A few of the Holiday Dr. employees had mentioned in their comments that they themselves were living paycheck-to-paycheck.
Multiple people urged city officials to prioritize the needs of the unhoused people, and not businesses, when considering where to put a shelter.
“Maybe we don’t just think about the hotels,” said Isis Neumann. “What if we thought about the actual people who need a place to stay at night? What a lot of people want is to push these people out, and that doesn’t work for the actual people who are being served. This is really frustrating.”
Neumann said that when she was unhoused, there was no place outside where she knew she could lie down without making someone unhappy. But by the end of the day, she had to lay her head down somewhere.
“People can be in the safety of their $200-a-night hotel and there can be a shelter nearby. Those two things can exist within the same plane,” she said.
Others pointed out that unhoused community members are often themselves hotel guests, particularly at low-cost hotels like Econo Lodge.
“I know countless individuals who have experienced homelessness, or people who are supporting people who are experiencing homelessness, pay for hotel rooms without any issue in that area already,” said Leah Leon, who currently works at The Haven day shelter, but was not speaking on behalf of the shelter.
After Monday’s public hearing on purchasing the Holiday Dr. property, the five councilors deliberated briefly before casting their votes. They all acknowledged that it was a great opportunity the city should seize, quickly.

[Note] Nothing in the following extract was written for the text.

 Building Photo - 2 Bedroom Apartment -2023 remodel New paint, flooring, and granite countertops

“We are a city of 10 square miles, and opportunity like this does not come up,” said Mayor Juandiego Wade.
“Particularly after we’ve been searching for a couple of years and have not found another spot, I think this is what we have to try,” said Councilor Lloyd Snook.

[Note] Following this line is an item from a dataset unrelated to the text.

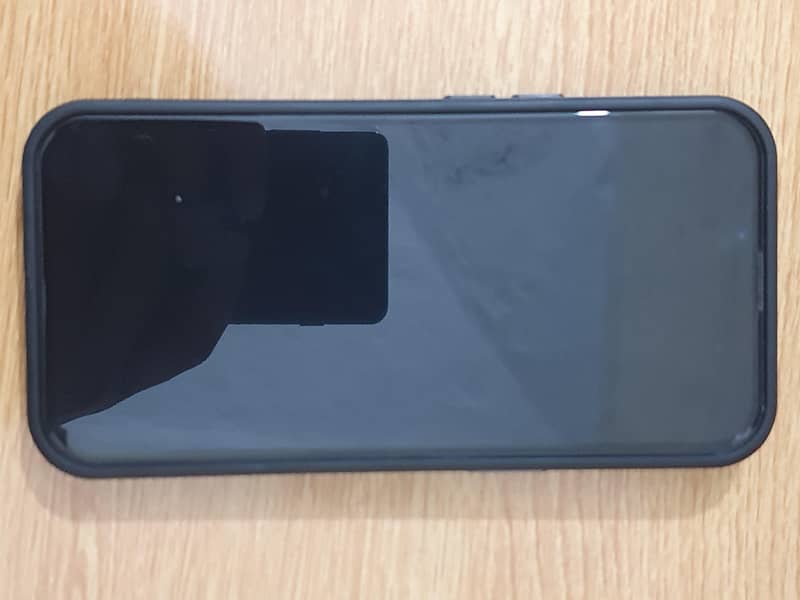 Apple iPhone 13 JV 4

“As we heard tonight, there is literally no location in the city that is not going to garner opposition,” said City Councilor Michael Payne. “I think we just have to ground our decision in what is going to be the most successful intervention, and what’s a location that has the space to fit enough low-barrier shelter beds.”
Payne later expanded on his decision to vote for the purchase of 2000 Holiday Dr. in an email to Charlottesville Tomorrow.
Not only is the shelter near a bus line, he said, the building is large enough to contain sufficient shelter beds — possibly 200 or more — and on-site services. Retrofitting the existing building will be cheaper than building a new one, he added, and the undeveloped land adjacent to the existing building could be used for services, or even other housing options in the future.
Plus, he said, this leaves The Salvation Army thrift store on Cherry Ave. open for a possible family shelter.

In his remarks, Councilor Brian Pinkston reassured the business owners who’d spoken that night that the shelter could coexist with local businesses.
People working in homeless services “are very thoughtful, very kind, and very reasonable people, and our staff is as well,” said Pinkston. “The concerns you have, I am confident that there will be ways in which they can be mitigated, and your businesses protected.”
“I do think this is where we need to go and what we need to do,” he said. “I think that it’s going to be okay.”
In response to some of the public comments about tax revenue and the city tending to prioritize money over people, Snook said that it’s not about prioritization, but balance.
“The only way we can deal with governance in this world where we rely on businesses, among other people, for tax revenues — the tax revenues that would go into homeless shelters and so on — the only way we can make this happen is if we’re balancing the two,” Snook said.
The plan for the shelter “has got to be balancing both people and businesses,” he added, “the people we serve and the businesses who, frankly, produce the income that we serve the people with.”